For the example, he used a pay grade that has a minimum salary of $45,750 and a maximum salary of $56,443. The midpoint or average of the two salary figures is $51,097.
If a 2 percent pay increase is proposed, the midpoint figure of $51,097 would be multiplied by 2.0 percent. That would mean that each employee in that pay grade would receive a $1,020 pay increase.
Singleton said the percentage of increase for minimum-salaried employees would be 2.23 percent and 1.81 percent for maximum-salaried employees. Even though the percentages of increase are different, everyone in that pay grade would receive the same dollar increase.
If the midpoint method is used for all of the school district’s 1,925 employees, it would cost $1,652,150. A salary of 2 percent of midpoint would require dipping into the fund balance for $490,750.
The school district currently has a fund balance which represents 23.19 percent of the operating expenses. If fund balance money is used for pay raises, the percentage would decrease slightly to 22.83 percent. A school board policy calls for the fund balance to be at least 20 percent.
“My issue is the same as it was last week,” Cuny said early in the Monday morning discussion. “All I’m saying is, you know, I wish there was more than 1.161 (million dollars) left, but there’s not. And I’m not criticizing how this process has come down, but I just don’t feel right in going in the fund balance again to make up the difference. We’ve got 1.161. I think that’s what we need to be talking about.”

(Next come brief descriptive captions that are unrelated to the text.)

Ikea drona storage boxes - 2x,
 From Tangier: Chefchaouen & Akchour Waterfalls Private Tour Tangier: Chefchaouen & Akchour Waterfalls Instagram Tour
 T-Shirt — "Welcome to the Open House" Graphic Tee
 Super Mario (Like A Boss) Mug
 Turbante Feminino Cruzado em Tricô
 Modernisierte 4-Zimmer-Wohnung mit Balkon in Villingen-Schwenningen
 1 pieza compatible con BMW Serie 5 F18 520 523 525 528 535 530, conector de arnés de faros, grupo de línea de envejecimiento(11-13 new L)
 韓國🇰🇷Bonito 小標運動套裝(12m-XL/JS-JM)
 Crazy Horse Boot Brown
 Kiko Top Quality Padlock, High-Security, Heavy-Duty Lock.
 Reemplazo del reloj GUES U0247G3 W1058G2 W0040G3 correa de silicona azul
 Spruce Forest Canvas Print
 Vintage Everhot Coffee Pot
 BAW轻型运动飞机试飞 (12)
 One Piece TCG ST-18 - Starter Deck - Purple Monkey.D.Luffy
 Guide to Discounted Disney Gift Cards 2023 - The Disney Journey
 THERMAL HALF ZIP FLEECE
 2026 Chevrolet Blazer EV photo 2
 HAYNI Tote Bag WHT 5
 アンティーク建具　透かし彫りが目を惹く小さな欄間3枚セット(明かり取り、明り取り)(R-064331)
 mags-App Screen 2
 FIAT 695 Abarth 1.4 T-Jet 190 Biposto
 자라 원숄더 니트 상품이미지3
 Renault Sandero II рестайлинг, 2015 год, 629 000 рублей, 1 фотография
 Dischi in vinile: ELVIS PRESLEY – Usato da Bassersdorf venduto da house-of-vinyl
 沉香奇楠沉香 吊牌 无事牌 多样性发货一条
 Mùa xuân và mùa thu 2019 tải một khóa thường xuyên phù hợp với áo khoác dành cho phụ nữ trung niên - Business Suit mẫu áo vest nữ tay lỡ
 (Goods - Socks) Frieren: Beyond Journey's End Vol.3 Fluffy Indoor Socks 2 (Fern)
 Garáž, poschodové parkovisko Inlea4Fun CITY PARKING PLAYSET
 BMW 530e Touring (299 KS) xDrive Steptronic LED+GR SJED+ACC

Later, he added: “That’s my opinion. I’m not going to fall on the sword on this … I’m going to follow the consensus. But that’s my opinion. I just think if we keep going into it (the fund balance), eventually, it’s going to catch up with us.”
“I just know that at some point in time, we’re going to hit that 20 percent with the rate that we’re going,” added Hamilton. “When we hit that 20 percent, how do we present that to the teachers and all the other positions that we have? … that we have to live within our means now because we’re not going to go to the 20 percent. So, how do we position that?”
Board members later talked about the possibility of cutting some operating expenses to ease the impact on the fund balance.
Hamilton said the operational expense cuts could involve “any kind of projects out there that we could execute to drive operating expenses down some, 1 percent, 2 percent, whatever. Then, that frees up that operating expense that could be reallocated to go to something else, which could be raises.
“But my fear is if we keep digging into it, digging into it, we’re going to hit that 20 percent and then we’re going to have some really, really hard discussions because at some point in time, discussions are going to revolve around let’s look at all the different programs we’re funding and if we really want to give raises, what programs have to be cut?”
Cuny asked board member Stan Lowrance for his thoughts on the issue.
“You don’t have a problem going into the fund balance with this, do you?” Cuny asked.
“No, because I don’t think we’ll end up getting into the fund balance,” Lowrance responded.
Board member David Loftis expressed confidence that the school district will not have a deficit budget.
“This year, if we make up $500,000, then we don’t have a deficit budget,” Loftis said.
“By the end of the year, there’s probably going to be 500,000 (dollars) that you don’t spend,” he added. “We’ve never come in over budget in the last seven years of what we projected our budget to be.”
Hamilton agreed with Loftis, then added: “I don’t want to put words in your mouth, but if I’m hearing what I think I’m hearing, you’re saying let’s borrow 490,000 (dollars) from the fund balance with the hope that we’re going to come in and don’t have to go into the fund balance.”
“I don’t have a problem using our fund balance as a savings account to give our teachers a 2 percent pay increase,“ Lowrance said. “And I believe … at the end of this time, we will not have to do that. But the whole idea of having the fund balance is having that savings account to be able to do the things we need to do and I think part of that is continue to give our teachers somewhat of a raise.”